Scraped caption text data
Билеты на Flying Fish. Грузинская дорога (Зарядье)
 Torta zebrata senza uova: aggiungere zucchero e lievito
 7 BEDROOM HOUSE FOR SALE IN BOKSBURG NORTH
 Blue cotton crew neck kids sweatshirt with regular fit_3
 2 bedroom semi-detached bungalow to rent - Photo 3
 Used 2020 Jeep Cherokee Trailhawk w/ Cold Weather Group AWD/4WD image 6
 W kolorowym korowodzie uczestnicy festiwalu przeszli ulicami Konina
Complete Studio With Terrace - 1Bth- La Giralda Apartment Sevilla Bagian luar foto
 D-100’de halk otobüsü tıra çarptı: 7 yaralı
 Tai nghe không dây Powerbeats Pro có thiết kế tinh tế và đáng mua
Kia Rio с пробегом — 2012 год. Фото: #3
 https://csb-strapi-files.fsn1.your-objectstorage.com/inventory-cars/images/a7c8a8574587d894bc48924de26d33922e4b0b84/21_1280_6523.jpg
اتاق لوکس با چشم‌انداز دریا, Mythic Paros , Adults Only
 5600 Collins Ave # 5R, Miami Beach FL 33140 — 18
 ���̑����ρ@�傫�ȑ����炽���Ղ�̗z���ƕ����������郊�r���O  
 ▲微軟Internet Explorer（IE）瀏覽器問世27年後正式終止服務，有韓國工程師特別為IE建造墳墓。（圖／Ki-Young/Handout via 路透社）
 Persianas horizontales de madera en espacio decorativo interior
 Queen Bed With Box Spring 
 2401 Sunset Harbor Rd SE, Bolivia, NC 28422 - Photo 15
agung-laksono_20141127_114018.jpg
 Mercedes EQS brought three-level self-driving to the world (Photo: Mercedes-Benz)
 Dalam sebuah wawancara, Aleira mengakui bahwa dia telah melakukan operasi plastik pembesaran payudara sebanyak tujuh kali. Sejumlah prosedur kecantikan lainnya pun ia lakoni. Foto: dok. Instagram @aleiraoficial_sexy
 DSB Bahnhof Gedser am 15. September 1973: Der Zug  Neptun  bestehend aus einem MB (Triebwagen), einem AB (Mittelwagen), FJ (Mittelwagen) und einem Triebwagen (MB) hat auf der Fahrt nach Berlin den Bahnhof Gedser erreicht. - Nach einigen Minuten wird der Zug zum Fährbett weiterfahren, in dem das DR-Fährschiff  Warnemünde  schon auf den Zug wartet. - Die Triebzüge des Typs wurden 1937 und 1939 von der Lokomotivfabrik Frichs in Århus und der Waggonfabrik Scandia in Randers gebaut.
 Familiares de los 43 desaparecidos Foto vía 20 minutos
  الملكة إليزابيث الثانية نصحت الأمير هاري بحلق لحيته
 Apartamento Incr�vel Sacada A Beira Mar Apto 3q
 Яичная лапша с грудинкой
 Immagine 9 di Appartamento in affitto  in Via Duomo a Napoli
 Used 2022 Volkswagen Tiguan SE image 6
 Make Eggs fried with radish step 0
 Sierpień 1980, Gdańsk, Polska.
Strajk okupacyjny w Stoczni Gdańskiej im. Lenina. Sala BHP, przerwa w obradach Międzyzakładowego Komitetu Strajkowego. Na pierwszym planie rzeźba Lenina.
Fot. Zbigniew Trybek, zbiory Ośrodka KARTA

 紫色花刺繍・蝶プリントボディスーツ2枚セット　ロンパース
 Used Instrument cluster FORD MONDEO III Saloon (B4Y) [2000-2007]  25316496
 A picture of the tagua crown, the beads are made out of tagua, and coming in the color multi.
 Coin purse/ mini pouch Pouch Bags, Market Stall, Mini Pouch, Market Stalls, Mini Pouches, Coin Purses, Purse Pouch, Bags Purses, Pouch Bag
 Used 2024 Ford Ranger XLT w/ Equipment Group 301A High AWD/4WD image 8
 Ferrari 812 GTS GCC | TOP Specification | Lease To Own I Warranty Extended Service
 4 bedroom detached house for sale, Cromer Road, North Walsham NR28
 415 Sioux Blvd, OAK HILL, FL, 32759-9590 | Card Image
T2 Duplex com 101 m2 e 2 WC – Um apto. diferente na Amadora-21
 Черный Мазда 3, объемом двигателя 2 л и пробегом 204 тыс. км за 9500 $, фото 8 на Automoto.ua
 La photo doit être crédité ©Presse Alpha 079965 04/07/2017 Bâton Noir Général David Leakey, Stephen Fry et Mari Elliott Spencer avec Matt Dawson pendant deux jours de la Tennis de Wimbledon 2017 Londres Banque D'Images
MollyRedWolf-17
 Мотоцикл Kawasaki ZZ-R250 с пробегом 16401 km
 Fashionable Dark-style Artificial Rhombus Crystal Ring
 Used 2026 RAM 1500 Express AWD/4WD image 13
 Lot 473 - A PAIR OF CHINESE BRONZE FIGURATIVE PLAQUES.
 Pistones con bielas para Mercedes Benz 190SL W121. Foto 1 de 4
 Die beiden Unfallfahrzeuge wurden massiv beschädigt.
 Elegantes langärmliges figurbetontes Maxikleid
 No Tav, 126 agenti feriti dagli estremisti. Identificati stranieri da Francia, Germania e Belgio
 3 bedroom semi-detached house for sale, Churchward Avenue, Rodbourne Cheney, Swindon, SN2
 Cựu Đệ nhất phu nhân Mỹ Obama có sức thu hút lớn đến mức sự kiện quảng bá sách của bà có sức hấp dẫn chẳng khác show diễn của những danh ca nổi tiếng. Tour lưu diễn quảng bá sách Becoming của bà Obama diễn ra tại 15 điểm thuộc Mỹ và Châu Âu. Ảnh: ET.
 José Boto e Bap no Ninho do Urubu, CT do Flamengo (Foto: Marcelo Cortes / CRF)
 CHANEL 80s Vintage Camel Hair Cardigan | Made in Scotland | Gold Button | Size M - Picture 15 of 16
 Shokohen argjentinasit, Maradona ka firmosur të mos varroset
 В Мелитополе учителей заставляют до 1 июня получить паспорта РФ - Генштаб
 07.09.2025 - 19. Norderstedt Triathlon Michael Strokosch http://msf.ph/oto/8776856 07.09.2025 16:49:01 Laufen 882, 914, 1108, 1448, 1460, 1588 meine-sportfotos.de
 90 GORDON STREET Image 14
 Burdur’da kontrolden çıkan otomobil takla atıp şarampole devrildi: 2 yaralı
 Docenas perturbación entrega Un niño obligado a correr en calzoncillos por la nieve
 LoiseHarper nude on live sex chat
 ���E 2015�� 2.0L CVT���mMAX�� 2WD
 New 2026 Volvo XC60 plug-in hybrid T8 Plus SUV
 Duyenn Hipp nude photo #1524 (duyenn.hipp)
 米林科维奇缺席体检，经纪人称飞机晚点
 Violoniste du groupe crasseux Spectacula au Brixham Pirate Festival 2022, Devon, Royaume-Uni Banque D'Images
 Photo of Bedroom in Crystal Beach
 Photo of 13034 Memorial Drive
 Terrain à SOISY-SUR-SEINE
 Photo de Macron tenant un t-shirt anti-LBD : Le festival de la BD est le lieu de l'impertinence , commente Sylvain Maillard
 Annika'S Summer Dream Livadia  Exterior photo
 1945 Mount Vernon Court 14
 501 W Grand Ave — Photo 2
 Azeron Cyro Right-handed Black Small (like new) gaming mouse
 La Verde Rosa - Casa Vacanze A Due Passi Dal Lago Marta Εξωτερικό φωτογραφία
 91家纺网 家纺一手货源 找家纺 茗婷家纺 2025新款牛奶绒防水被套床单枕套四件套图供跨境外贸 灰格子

§ **TASK DETAILS**:
Among the lines above, which contain the word "Benz"? Copy every one.

§ **OUTPUT FOR THIS TASK**:
 Mercedes EQS brought three-level self-driving to the world (Photo: Mercedes-Benz)
 Pistones con bielas para Mercedes Benz 190SL W121. Foto 1 de 4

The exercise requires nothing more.